Klebsiella pneumoniae is naturally resistant to benzylpenicillin and aminobenzlypenicillins. In addition to this natural resistance, there are other acquired resistances that make treatment even more difficult. Tigecycline, polymyxins (e.g. colistin) and ceftazidime-avibactam have the highest in-vitro activity. Relebactam, an intravenously administered inhibitor of class A and C beta-lactamases, is recommended if the pathogen develops widespread resistance.

Resistance: The increasing resistance of Klebsiella pneumoniae worldwide is mainly induced by plasmid-encoded ESBL and carbapenemases. The highest prevalence is found in Eastern Europe and Asia as well as in nosocomial isolates. The prevalence of resistance to fluoroquinolones and ESBL strains is approx. 17% in Germany. The resistance rate to meropenem is 1-2 %. Approximately 6% of all strains show combined resistance to quinolones, 3rd generation cephalosporins and aminoglycosides; in Europe, the average is 20.5% (as of 2020).

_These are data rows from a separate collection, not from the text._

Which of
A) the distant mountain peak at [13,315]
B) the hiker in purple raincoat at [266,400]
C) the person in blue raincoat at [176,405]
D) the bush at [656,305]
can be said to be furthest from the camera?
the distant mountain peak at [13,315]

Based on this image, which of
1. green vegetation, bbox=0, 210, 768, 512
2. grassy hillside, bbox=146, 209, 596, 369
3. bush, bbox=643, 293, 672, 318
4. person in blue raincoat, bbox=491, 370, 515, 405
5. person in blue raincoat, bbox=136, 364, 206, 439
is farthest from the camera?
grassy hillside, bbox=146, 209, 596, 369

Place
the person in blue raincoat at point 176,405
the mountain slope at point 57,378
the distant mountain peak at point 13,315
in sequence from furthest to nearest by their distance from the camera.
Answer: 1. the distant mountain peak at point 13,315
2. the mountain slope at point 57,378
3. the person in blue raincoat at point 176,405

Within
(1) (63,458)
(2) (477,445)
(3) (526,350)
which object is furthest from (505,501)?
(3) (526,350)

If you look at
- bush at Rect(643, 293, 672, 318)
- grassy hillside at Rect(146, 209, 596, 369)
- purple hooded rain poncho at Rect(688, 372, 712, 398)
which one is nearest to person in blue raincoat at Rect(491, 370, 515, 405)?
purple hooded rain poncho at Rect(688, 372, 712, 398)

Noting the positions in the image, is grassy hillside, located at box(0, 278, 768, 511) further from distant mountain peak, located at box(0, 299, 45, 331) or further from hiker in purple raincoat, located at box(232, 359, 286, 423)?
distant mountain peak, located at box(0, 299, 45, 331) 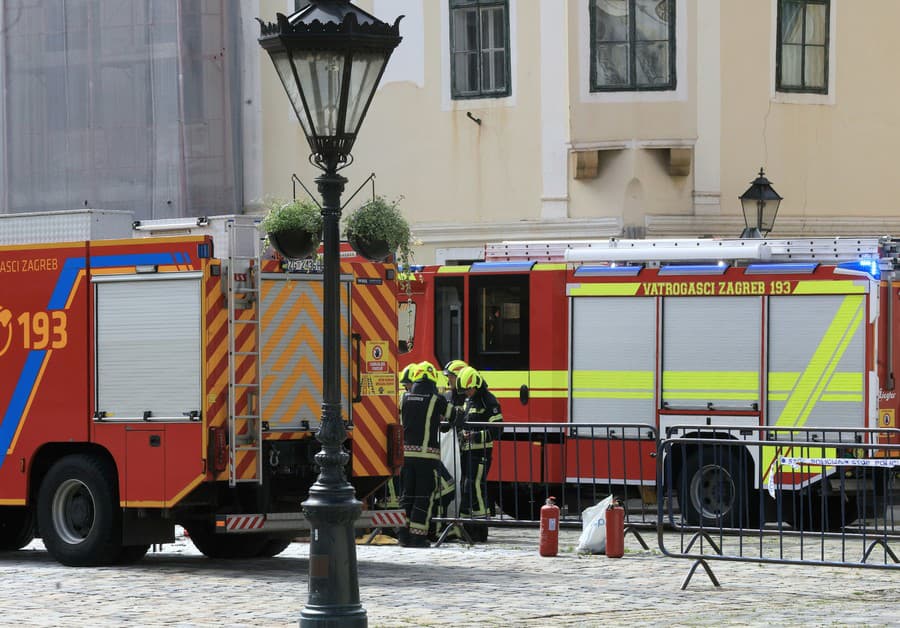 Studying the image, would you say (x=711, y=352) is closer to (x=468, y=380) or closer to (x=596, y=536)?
(x=468, y=380)

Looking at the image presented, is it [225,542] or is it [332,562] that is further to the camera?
[225,542]

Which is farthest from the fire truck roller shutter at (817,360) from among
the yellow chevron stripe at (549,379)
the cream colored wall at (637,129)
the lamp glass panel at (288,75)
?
the lamp glass panel at (288,75)

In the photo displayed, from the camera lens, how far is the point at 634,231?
26672 mm

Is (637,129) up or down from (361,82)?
up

1. Russo TA et al (2019) Hypervirulent Klebsiella pneumoniae. Clin Microbiol Rev. 32:e00001-19.
2. Siu LK et al (2012) Klebsiella pneumoniae liver abscess: a new invasive syndrome. Lancet Infect Dis 12:881-887.
3. Wyres KL et al (2020) Population genomics of Klebsiella pneumoniae. Nat Rev Microbiol 18: 344-359.
4. Xu L et al (2017) Systematic review and meta-analysis of mortality ofpatients infected with carbapenem-resistant Klebsiella pneumoniae. Ann Clin Microbiol Antimicrob 16:18. doi: 10.1186/s12941-017-0191-3.
5. Zhang L et al. (2018) The association of HLA-B27 and Klebsiella pneumoniae in ankylosing spondylitis: A systematic review. Microb Pathog 117:49-54.